◆ **Provided records**
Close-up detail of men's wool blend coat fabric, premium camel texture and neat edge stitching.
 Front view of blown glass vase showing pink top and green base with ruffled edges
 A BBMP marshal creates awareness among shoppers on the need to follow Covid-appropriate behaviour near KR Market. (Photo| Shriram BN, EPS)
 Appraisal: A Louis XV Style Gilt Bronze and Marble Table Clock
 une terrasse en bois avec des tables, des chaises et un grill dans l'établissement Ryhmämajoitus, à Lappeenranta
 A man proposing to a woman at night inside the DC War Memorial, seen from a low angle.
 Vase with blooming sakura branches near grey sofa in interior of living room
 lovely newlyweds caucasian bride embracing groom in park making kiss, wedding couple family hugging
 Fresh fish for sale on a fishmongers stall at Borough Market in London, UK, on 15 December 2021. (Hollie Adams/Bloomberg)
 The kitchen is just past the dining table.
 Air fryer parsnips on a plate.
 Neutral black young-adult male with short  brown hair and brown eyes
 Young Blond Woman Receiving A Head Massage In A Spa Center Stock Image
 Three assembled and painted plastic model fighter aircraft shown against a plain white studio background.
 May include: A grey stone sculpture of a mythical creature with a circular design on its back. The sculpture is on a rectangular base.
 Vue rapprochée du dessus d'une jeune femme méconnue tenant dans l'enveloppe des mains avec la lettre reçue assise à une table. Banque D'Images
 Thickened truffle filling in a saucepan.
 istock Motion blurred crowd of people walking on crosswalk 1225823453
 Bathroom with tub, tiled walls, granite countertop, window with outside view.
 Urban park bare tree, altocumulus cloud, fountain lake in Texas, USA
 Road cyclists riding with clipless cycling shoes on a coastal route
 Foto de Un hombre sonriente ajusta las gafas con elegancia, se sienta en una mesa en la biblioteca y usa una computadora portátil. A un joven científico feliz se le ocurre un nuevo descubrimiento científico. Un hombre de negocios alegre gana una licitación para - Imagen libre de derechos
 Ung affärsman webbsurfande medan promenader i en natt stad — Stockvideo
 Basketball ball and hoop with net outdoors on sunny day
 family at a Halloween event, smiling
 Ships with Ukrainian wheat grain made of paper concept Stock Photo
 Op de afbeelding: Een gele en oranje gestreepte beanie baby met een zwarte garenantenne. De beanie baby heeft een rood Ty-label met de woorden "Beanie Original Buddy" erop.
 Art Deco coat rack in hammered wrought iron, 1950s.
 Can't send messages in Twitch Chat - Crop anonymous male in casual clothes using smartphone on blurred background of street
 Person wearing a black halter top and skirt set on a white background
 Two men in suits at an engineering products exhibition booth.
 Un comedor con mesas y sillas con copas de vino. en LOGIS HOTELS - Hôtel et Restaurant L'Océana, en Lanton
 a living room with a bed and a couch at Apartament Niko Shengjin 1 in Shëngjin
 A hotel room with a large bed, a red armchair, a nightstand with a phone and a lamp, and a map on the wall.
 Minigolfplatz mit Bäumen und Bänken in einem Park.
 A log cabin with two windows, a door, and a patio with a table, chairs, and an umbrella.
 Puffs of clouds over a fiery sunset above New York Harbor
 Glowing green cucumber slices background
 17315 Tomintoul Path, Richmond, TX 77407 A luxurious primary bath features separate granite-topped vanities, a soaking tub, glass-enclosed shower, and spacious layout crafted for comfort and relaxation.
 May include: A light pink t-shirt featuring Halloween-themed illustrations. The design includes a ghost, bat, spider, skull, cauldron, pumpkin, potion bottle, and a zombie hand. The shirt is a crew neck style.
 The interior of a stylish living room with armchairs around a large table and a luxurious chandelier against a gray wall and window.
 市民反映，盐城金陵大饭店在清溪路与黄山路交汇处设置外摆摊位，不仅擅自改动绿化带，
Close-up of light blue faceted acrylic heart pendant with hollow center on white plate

◆ **Exercise**
Can you repeat, word for word, every line above from the one containing "A man proposing" down to the one containing "Air fryer parsnips on a plate.", including both?

◆ **Task result**
 A man proposing to a woman at night inside the DC War Memorial, seen from a low angle.
 Vase with blooming sakura branches near grey sofa in interior of living room
 lovely newlyweds caucasian bride embracing groom in park making kiss, wedding couple family hugging
 Fresh fish for sale on a fishmongers stall at Borough Market in London, UK, on 15 December 2021. (Hollie Adams/Bloomberg)
 The kitchen is just past the dining table.
 Air fryer parsnips on a plate.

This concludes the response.